Based on the “Behavioral Consistency Principle,” this style of questioning is considerably more systematic, and is thought by some professionals in the hiring field to be more effective in sorting the “good fit” candidates from the “wrong fit” ones. Typically, these questions will be carefully planned out by the interviewer, and will be asked in precise order, so as to unearth the most valuable of your past behaviors.
Because behavioral interviews are not always used by hiring managers and firms these days, the first task of the candidate will be to determine early on what style the interview is. An interview in a more traditional line of questioning may ask the candidate to “describe what you might do in this situation…” By contrast, a typical question from a behavioral interview might sound more like this: “Tell us about a time in your previous job when you had to overcome a challenging situation with a co-worker, and how you handled it.”
How to Succeed
The first step in successfully navigation the behavioral interview is preparing for it. Long before you step foot in the interview room, you’re first task is to anticipate the variety of questions that might be asked of you. Brainstorm what kinds of behavioral questions might come up in the interview. The may include:
- Describe a previous job experience where someone else’s actions created additional, undue work for you. How did you address this with your coworkers and/or employer?

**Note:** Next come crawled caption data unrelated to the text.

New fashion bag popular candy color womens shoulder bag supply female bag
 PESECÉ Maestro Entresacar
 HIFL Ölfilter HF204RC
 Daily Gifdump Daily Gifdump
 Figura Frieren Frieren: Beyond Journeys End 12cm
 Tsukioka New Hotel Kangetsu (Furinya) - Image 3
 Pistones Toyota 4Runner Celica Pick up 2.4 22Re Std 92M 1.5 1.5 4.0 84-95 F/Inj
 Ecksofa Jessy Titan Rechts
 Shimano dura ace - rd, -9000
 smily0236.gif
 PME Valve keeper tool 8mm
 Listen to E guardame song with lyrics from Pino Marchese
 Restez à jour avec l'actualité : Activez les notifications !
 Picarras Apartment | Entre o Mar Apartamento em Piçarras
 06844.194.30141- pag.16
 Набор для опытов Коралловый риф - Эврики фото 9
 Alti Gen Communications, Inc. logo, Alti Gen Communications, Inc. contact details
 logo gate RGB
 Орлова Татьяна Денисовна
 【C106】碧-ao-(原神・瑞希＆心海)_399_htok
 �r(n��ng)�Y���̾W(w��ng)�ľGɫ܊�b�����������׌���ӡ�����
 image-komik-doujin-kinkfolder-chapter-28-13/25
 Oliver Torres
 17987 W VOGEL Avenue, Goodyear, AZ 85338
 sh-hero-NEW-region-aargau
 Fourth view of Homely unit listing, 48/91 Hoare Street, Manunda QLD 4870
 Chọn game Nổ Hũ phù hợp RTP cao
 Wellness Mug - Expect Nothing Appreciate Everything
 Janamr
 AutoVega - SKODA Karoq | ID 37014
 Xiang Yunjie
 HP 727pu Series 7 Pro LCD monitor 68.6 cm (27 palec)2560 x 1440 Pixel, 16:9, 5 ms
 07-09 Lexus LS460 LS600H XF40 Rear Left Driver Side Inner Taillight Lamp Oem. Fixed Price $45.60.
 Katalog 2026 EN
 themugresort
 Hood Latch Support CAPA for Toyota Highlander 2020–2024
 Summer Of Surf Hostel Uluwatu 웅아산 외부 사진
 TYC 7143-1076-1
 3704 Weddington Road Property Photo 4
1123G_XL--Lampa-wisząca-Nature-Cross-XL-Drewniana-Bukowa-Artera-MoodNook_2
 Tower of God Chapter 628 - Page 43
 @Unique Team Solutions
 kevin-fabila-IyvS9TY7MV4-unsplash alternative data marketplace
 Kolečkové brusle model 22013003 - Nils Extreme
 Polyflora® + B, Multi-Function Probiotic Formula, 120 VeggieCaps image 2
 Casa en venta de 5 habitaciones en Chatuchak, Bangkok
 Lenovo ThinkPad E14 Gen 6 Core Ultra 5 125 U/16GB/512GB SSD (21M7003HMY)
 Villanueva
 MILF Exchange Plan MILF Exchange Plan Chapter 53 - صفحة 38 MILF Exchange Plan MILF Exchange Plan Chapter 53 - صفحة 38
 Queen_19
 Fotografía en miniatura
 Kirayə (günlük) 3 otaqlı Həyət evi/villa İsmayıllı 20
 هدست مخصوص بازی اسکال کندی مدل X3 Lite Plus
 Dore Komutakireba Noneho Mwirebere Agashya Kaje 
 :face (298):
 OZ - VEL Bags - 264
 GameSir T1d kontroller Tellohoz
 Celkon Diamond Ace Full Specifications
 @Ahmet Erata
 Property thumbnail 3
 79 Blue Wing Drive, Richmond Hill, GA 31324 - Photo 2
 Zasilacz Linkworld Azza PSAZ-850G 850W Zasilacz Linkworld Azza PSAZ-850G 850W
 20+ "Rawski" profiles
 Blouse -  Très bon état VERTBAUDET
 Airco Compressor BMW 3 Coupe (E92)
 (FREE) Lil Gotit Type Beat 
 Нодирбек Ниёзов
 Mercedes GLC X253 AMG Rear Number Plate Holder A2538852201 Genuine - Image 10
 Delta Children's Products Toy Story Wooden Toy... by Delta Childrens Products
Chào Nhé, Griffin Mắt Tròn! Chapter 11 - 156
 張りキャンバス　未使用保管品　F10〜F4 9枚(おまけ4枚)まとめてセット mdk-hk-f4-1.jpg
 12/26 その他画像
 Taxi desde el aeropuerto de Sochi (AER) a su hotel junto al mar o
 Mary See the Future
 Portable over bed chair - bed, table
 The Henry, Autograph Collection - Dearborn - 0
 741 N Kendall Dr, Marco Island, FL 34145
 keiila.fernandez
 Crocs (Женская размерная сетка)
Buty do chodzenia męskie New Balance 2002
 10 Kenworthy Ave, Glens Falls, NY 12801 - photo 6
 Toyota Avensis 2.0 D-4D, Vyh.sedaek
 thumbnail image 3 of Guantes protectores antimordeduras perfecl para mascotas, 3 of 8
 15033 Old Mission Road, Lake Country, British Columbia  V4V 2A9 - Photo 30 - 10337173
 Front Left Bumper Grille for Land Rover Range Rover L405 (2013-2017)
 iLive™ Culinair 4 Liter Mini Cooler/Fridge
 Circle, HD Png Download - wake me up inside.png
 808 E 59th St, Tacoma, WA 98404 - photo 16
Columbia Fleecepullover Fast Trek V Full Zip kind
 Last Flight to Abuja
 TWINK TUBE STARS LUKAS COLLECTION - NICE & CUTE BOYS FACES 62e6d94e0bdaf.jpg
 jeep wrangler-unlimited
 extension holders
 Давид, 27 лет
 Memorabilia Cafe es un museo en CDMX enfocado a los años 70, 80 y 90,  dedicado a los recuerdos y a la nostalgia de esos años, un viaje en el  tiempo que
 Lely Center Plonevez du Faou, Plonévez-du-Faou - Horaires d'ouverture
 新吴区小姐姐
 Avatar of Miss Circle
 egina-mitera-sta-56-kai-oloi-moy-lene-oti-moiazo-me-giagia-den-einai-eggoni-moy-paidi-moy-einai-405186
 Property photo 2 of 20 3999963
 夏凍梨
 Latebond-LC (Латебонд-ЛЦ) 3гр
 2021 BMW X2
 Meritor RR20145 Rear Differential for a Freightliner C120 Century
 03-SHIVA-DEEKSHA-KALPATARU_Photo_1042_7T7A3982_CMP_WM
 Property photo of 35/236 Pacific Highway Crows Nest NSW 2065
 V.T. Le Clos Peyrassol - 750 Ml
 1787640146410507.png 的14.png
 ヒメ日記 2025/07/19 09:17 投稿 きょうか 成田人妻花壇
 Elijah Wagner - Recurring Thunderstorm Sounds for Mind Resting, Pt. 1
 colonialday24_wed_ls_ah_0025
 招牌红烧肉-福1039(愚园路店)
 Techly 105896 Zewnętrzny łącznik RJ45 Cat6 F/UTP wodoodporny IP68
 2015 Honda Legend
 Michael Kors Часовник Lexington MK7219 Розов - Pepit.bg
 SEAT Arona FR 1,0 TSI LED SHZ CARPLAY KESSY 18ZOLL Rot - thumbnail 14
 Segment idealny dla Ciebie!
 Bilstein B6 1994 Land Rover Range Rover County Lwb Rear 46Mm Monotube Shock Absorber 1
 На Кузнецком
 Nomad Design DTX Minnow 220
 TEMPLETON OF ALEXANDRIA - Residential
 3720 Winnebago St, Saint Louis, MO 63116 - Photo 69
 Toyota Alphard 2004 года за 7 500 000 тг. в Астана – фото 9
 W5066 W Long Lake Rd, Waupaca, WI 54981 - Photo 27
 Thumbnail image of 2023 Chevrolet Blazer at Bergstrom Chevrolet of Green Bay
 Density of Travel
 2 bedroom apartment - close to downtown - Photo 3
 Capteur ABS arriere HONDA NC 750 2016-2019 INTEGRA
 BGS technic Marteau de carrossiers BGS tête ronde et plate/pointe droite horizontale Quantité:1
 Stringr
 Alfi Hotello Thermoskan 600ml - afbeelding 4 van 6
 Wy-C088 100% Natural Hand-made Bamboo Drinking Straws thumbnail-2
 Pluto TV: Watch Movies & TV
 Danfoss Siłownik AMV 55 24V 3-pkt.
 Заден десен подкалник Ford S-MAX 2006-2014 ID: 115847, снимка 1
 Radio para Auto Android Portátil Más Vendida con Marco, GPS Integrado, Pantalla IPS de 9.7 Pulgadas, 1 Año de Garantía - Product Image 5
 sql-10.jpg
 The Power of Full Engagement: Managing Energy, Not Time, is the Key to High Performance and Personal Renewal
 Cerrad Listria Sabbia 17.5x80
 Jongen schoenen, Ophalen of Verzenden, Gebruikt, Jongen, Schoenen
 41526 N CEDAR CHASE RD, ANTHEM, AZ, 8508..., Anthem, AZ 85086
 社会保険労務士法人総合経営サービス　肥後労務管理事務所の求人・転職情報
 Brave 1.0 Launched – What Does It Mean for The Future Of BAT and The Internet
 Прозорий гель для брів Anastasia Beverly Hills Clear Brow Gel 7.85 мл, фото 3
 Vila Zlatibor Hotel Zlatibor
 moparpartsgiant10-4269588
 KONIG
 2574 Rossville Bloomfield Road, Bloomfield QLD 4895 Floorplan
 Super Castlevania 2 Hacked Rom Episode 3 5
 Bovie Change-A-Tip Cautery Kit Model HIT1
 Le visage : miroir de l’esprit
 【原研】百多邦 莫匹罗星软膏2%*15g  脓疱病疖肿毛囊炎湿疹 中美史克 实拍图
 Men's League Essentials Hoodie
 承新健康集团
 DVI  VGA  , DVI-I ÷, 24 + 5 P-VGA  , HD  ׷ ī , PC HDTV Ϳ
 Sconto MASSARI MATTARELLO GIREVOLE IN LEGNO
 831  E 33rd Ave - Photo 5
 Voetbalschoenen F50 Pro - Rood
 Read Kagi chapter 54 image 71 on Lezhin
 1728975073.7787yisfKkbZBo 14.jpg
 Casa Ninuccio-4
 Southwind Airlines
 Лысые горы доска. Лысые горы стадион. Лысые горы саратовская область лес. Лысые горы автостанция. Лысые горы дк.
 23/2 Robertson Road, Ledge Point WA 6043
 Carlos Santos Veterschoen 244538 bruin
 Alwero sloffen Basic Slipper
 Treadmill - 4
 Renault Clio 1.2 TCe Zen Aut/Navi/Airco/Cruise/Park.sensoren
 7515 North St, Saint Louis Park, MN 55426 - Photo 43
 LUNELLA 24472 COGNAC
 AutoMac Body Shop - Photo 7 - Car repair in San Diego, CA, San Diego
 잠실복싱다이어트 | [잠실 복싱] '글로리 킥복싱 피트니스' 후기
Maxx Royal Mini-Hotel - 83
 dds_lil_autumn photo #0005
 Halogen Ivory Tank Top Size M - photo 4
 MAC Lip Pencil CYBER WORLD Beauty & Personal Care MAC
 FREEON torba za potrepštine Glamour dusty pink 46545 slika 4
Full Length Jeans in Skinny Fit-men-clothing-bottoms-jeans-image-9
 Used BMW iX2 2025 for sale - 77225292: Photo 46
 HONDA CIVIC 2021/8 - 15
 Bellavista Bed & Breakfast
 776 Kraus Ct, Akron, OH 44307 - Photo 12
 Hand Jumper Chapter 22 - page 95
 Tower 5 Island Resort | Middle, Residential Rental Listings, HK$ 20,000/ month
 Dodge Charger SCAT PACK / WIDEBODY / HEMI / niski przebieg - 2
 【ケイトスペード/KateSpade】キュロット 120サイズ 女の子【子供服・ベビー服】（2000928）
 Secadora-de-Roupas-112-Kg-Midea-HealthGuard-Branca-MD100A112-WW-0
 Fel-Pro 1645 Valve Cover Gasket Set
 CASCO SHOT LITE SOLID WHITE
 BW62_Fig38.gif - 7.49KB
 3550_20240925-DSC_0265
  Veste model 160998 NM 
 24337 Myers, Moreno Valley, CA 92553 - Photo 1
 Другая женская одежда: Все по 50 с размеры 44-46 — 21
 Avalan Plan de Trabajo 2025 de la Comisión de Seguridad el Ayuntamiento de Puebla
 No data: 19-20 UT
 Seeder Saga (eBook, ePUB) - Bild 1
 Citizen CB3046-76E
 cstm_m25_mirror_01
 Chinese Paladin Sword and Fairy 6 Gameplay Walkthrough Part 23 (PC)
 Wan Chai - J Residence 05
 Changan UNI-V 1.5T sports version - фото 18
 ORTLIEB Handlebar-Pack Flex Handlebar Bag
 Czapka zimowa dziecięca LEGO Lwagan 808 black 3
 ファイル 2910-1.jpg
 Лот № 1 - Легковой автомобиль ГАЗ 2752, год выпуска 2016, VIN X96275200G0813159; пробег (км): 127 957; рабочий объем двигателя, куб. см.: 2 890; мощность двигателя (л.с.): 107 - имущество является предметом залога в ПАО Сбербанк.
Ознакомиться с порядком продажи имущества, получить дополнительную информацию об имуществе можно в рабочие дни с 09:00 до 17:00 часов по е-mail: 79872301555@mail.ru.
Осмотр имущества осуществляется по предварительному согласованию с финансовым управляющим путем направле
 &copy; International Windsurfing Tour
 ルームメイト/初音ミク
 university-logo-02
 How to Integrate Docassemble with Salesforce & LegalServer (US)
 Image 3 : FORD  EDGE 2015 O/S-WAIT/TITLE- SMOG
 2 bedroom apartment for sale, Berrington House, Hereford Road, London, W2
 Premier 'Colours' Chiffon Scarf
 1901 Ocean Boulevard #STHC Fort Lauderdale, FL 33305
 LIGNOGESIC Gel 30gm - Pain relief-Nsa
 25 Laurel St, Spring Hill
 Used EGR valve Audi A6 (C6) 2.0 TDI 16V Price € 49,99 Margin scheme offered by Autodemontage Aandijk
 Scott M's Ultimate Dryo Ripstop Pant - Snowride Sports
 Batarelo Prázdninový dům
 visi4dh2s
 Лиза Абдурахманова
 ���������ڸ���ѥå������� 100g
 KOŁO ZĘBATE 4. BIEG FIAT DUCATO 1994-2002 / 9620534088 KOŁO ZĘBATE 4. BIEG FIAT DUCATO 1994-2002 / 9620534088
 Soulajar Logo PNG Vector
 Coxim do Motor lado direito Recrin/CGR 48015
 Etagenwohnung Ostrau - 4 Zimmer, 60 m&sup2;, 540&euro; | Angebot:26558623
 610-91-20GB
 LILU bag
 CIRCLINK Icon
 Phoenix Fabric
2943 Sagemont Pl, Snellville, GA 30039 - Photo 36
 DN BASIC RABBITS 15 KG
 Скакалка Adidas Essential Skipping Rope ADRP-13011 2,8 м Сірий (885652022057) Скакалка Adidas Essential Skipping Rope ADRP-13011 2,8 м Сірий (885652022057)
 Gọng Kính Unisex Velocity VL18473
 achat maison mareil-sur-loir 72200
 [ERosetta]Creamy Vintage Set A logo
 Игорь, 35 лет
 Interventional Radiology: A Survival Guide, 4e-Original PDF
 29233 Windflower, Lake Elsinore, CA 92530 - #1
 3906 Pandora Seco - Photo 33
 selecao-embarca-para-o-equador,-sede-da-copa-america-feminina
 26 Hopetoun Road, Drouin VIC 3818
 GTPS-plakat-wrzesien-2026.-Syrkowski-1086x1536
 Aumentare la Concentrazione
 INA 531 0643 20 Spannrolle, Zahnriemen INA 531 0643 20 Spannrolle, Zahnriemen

- Tell us about a time when you felt overworked or stressed at a past job, and how you dealt with that pressure.
- When was the last time you were praised on the job, and how did that effect your performance at work?
- Have you ever felt like walking off a job? What did you do, and what led to that decision?
- What parts of your last position caused you the most anxiety or frustration? What parts brought you the most satisfaction?
By expecting and planning for these kinds of questions, you can confidently handle a behavioral interview once you recognize that you’re in one. The most prepared candidates will actually memorize their responses to a handful of questions they suspect will be asked.
Be thorough, Be Honest
Though applicable to any question in any style of interview, it’s especially critical in a behavioral interview to give airtight answers and examples. Interviewers who use this method of questioning will almost always have specific follow-up questions meant to flesh out your initial answers.
Whether for the sake of testing your accuracy, or just in the process of finding out more about you, the interviewer will likely press for details and elaboration based on your first answer. Shrewd candidates will expect this and prepare accordingly ahead of time, factoring in all kinds of follow-up questions when they brainstorm possible inquiries (see above).
Learn to recognize the different styles of interview questions, and prepare for a wide array of questions. Follow these guiding tips (remembering to take a deep breath and relax), and you should be ready to give a stellar interview.